BEGIN

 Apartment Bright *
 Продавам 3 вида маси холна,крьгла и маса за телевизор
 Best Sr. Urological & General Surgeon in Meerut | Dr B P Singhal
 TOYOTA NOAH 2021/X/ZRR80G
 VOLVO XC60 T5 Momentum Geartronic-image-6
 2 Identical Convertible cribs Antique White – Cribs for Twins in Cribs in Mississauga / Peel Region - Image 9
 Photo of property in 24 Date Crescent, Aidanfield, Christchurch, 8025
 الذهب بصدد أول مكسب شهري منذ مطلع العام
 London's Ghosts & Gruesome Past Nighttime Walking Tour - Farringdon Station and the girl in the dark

END

--- EXERCISE DETAILS ---
Each line above should appear again, reproduced exactly.

--- YOUR SOLUTION ---
 Apartment Bright *
 Продавам 3 вида маси холна,крьгла и маса за телевизор
 Best Sr. Urological & General Surgeon in Meerut | Dr B P Singhal
 TOYOTA NOAH 2021/X/ZRR80G
 VOLVO XC60 T5 Momentum Geartronic-image-6
 2 Identical Convertible cribs Antique White – Cribs for Twins in Cribs in Mississauga / Peel Region - Image 9
 Photo of property in 24 Date Crescent, Aidanfield, Christchurch, 8025
 الذهب بصدد أول مكسب شهري منذ مطلع العام
 London's Ghosts & Gruesome Past Nighttime Walking Tour - Farringdon Station and the girl in the dark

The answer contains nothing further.